Hi Piotr,
In my previous posting I showed an example of merging DP with XML data. In this
post, I will describe the XML data structures, and how to prepare for using it
with Word 2003+.
My DP Application has two main panels
Customers
Articles
it also had one other dummy panel with one record which I always employ for
housing reports, I call it Configuration for want of a better name.
Secondly I mapped out a rough idea of the structure of the XML file I wanted to
create.:
<dpnews>
<month>June</month>
<customer>
<company>Acme Mouse Trap Company</company>
<contact>Sylvester Felis</contact>
<!-- etc etc -->
</customer>
<article>
<heading>DP Does XML<heading>
<content>>Mauris ullamcorper metus eu arcu? Donec
pellentesque!<content>
<article>
<article>
<!-- etc etc -->
.
.
</article>
<!-- etc etc -->
</dpnews>
As it is for a personalised newsletter application instead of this structure I
could have used something more like this:
<dpnews>
<month><month>
<customer>
<article></article>
<article<</article>
</customer>
</dpnews>
where the articles were wrapped up in the customer element. This would be a
little easier to work with in Word, however I expected that more than one
customer might one the same newsletter so I left it will the possibility of
adding multiple customers for the same set of articles - eventually I could
have a structure like:
<dpnews>
<month><month>
<customer></customer>
<customer></customer>
<article></article>
<article></article>
<article></article>
</dpnews>
Instead of putting "month" in as a separate element, I could have done
something like:
<dpnews month="June">
Which would have been adding "month" as an ATTRIBUTE of the "dpnews" ELEMENT,
however it would have made life very difficult creating the template in Word.

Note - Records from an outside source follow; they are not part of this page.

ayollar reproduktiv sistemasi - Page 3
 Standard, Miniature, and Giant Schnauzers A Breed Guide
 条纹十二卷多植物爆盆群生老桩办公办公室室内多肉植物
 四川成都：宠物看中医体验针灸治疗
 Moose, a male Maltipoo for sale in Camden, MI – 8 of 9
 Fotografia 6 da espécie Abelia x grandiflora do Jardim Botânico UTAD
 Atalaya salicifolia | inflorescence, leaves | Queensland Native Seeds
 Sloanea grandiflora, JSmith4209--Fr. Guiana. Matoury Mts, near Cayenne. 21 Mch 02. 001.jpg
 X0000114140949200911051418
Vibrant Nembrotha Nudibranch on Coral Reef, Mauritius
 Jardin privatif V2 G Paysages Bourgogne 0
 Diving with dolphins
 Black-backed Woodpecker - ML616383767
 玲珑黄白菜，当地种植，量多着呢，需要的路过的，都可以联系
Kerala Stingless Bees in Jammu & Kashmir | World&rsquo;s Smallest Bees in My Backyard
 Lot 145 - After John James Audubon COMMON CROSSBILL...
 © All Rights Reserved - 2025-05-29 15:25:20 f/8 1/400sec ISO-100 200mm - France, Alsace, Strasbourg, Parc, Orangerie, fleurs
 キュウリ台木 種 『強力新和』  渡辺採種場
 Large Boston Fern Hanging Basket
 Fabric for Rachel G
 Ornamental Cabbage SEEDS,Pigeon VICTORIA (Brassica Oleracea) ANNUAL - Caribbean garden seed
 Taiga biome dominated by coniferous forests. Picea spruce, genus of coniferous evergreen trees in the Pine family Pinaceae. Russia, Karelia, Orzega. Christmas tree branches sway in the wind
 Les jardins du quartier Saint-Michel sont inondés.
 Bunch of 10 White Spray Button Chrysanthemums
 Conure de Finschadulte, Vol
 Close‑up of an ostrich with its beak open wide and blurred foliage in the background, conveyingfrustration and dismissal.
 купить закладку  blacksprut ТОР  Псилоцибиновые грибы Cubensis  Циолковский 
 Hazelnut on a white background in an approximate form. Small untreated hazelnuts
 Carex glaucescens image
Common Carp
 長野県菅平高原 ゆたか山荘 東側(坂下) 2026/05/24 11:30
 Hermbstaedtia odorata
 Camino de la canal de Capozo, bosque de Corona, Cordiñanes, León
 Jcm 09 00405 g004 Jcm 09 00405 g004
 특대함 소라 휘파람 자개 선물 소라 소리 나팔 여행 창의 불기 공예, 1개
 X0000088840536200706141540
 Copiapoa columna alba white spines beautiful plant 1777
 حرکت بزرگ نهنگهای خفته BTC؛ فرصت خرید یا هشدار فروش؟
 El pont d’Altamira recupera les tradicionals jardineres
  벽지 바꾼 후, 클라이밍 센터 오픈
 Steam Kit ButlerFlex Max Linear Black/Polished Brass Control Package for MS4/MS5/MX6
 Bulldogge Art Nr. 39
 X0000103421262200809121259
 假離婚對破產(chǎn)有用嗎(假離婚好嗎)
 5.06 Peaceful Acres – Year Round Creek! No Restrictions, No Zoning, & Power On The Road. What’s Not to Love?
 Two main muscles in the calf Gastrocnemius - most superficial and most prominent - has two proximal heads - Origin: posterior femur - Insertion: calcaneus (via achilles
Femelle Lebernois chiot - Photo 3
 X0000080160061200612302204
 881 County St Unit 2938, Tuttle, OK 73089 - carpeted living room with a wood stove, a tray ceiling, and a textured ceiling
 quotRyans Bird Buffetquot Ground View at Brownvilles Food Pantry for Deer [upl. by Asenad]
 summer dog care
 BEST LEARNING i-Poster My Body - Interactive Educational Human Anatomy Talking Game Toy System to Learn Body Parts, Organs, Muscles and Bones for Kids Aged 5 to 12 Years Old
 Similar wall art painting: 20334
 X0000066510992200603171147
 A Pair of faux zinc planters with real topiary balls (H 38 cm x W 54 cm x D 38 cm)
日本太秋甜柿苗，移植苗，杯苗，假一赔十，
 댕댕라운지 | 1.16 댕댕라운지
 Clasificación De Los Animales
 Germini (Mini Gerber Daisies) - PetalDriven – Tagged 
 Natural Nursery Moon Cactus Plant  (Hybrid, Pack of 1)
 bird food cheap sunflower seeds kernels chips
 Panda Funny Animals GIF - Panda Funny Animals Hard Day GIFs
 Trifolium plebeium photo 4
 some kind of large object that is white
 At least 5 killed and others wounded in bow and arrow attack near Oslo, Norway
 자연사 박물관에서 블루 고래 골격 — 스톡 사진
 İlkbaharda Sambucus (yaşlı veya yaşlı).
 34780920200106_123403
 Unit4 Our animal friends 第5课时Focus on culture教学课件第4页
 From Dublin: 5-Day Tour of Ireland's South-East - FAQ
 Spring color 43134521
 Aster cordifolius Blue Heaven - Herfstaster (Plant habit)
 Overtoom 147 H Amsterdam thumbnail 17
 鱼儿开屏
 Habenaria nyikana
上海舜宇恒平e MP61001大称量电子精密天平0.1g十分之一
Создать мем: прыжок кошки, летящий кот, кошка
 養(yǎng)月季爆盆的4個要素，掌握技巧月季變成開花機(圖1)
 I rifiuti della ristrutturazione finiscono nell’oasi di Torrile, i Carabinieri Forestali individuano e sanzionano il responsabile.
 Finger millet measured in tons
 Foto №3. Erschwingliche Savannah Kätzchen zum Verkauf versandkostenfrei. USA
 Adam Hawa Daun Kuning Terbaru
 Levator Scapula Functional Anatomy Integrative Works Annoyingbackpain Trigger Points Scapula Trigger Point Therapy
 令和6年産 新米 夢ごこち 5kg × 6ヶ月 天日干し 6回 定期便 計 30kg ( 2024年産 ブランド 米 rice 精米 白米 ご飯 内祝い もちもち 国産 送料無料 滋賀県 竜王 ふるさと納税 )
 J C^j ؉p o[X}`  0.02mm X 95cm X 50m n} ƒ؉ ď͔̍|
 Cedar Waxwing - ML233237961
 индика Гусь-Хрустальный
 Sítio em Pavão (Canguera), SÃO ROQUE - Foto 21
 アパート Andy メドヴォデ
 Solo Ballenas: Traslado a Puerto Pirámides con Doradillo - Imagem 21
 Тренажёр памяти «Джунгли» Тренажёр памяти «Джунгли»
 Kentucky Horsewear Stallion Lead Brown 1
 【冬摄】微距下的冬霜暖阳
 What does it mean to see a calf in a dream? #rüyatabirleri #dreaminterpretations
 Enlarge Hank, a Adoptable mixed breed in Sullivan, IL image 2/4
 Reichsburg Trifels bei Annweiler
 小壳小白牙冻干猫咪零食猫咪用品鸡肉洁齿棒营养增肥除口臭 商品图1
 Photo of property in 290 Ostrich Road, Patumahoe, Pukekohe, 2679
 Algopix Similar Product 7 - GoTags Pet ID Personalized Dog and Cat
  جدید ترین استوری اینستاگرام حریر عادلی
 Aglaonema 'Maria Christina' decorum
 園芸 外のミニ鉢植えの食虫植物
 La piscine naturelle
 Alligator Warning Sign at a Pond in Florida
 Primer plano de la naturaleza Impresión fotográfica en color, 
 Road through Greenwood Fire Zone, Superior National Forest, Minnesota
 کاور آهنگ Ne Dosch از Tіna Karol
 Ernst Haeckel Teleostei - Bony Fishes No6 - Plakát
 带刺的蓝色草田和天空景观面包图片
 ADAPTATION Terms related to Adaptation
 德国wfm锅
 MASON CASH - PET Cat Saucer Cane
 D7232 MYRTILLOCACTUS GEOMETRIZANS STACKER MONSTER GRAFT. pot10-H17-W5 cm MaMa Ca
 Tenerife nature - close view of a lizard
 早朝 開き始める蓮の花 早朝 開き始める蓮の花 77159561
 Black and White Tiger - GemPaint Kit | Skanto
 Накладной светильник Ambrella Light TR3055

Creating the XML document in DP really is a piece of cake, far easier than say
with most XML capable database products. Other products might be smarter but
they usually have their own way of doing things, DP can work with XML with
almost the same absolute and total flexibility of using Notepad, after all XML
is only a text file. As an aside the whole project took about an hour or so to
complete, however I spent at least 2 hours debugging a small problem, which I
eventually tracked down to me forgetting to set the margins and page lengths in
the DP report to zero
Before Word 2003 can create a template document for this XML document it has to
understand its structure. If it is a very simple structure similar to say a
standard mail merge file, where it is essentially a flat file, Word can deduce
the structure and life is really quite easy. For anything more that this and
you will need to create a Schema . This is about the hardest part of the
project, you need to get this right. I am a bit of a weakling at writing
Schemas, so I take a more simple approach. I let other (free) software do it
for me.
Schemas can be pretty powerful as it describes how the data is structured and
the rules for the content. It can specify thing like the type of data that will
be found in an element, etc etc. Complex Schemas give me a headache. If I let
Schema creation software analyse the DP XML file, even though it is very simple
I get a very complex Schema, and thats going to give me a headache, and not
necessairly just me, it will possibly give Microsoft Word 2003 something of a
headache. Very fortunately before Schemas came out there was a much simple way
of describing simple XML documents, called a DTD, (or Document Type
Definition). DTD was far more basic and less likely to give me a headache, but
unfortunately Word cannot use a DTD. However since a DTD contains more basic
information than say a sample of my DP XML file, Schemas software which can
usually convert a DTD into a much simpler Schema which with just a little
modification, is ideal for Word.
I used some freeware software WMHelp XMLPad 3 to create the DTD, which looked
like this:
<?xml version="1.0" encoding="UTF-8"?>
<!ELEMENT dpnews (month, customer, article+)>
<!ELEMENT month (#PCDATA)>
<!ELEMENT customer (company+, contact?, phone?, email?, fax?)>
<!ELEMENT company (#PCDATA)>
<!ELEMENT contact (#PCDATA)>
<!ELEMENT phone (#PCDATA)>
<!ELEMENT email (#PCDATA)>
<!ELEMENT fax (#PCDATA)>
<!ELEMENT article (heading, content)>
<!ELEMENT heading (#PCDATA)>
<!ELEMENT content (#PCDATA | br | b | i | u)*>
<!ELEMENT br EMPTY>
<!ELEMENT b (#PCDATA | i)*>
<!ELEMENT b (#PCDATA |u)*>
<!ELEMENT i (#PCDATA | b)*>
Just a super quick overview of this, the element "dpnews" can contain one of
element "month", one of element "customer" and one or more elements "article"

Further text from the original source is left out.